Better data, better information sharing
There’s a need for better data systems – and better use of data – too, witnesses said.
White recommended that Congress invest in state and federal data infrastructure. It would help with capturing longitudinal data that would help generate valuable evidence about which programs yield the greatest long-term benefits, she said.
Bly-Jones recommended increased research, data sharing and transparency across state agencies involved in education and workforce training to identify and address equity gaps in public investments.
And Sullivan encouraged the required use of earnings and other outcomes data in order to be more selective about which providers and programs are eligible to provide WIOA training services.

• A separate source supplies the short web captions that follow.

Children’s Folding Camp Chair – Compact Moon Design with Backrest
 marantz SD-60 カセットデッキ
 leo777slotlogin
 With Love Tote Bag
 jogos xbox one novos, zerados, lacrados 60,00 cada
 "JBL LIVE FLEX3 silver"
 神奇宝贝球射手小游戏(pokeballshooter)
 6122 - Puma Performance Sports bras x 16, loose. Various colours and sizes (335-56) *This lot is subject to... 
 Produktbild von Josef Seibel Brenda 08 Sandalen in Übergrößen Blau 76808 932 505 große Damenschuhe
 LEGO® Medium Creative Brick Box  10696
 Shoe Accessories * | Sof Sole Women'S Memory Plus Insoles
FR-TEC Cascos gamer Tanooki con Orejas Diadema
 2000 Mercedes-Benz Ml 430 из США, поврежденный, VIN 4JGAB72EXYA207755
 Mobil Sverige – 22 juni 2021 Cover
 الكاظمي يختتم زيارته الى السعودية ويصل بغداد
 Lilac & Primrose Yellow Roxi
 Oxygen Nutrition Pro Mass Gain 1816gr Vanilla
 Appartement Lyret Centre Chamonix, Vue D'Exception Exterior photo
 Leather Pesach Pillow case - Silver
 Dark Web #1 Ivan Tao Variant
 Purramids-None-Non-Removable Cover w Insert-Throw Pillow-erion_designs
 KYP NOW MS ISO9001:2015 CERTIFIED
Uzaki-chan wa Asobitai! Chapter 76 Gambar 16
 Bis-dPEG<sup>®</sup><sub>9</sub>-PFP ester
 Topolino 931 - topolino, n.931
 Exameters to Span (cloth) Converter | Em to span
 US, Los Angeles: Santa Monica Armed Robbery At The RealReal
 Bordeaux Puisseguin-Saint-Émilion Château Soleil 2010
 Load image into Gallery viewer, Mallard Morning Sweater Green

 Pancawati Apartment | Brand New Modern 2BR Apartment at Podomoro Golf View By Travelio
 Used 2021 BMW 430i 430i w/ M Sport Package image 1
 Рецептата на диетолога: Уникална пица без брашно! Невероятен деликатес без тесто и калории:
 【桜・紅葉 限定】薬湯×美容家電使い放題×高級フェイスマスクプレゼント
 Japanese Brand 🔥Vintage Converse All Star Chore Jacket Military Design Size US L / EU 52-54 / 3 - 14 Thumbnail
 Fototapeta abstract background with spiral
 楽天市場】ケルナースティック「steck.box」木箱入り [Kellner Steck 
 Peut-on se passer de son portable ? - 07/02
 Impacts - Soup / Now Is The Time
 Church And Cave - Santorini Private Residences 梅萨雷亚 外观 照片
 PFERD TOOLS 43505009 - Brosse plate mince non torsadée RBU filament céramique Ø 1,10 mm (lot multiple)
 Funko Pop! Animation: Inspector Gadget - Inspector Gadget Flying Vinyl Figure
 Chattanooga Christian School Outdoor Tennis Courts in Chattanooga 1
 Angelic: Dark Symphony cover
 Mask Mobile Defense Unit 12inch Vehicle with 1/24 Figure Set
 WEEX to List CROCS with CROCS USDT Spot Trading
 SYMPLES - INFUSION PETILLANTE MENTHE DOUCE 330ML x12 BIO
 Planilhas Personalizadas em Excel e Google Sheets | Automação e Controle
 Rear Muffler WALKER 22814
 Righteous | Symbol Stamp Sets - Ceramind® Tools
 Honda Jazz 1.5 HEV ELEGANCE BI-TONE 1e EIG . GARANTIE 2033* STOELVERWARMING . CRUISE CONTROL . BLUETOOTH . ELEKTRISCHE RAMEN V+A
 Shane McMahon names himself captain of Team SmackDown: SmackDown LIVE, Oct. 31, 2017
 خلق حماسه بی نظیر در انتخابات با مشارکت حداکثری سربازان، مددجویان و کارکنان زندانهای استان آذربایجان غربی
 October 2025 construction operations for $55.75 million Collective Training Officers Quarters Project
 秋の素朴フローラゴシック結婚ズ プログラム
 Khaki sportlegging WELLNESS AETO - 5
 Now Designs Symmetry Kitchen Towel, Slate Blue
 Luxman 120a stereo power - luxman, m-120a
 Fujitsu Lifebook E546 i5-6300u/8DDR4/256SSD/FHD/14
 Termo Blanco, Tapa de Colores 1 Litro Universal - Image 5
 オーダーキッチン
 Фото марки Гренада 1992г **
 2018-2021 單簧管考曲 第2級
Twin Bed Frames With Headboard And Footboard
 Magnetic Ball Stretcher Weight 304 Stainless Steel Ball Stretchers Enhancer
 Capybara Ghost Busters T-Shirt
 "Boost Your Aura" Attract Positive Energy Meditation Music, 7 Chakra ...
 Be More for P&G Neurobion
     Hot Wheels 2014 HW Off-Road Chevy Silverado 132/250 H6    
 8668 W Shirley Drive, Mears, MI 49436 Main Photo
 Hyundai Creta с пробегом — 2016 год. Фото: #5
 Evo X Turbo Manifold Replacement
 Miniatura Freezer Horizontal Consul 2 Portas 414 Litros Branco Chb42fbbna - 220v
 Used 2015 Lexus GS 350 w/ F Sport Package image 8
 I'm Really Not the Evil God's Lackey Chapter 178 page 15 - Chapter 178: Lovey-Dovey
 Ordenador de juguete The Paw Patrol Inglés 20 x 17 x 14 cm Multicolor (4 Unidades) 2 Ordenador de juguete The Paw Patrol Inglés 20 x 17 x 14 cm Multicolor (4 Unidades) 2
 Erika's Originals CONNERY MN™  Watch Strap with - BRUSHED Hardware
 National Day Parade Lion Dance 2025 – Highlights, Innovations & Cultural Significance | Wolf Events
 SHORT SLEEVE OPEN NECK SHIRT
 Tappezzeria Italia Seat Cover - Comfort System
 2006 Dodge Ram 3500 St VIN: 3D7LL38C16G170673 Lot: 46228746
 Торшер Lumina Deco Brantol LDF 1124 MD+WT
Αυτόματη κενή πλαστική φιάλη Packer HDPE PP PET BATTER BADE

Community colleges are best suited to solve the nation’s workforce challenges, but they have been an under-utilized resource by the WIOA training enterprise. Strong, integrated partnerships between workforce boards and their local community colleges should be encouraged, but the selection of eligible training providers should not be an “exercise in red tape and bureaucracy,” he said.
And, Sullivan said, workers should be armed with information about which postsecondary education and training options work best for them and expect that the system will provide options that work for them.
“There should not be a wrong door to enter within the WIOA system,” he said.
Workforce Pell
Both Sullivan and Bly-Jones included in their testimonies an appeal to the committee to expand Pell to include short-term workforce programs.
“WIOA alone simply will not get it done,” Sullivan said. With the passage of Workforce Pell, the committee “has the chance to change lives,” he said.
Workforce Pell, he added, will benefit not only adults without an education, but a person with a baccalaureate degree displaced by automation or artificial intelligence who needs to reskill.
“Workforce Pell is a huge part of the solution in educating the American people,” Sullivan said.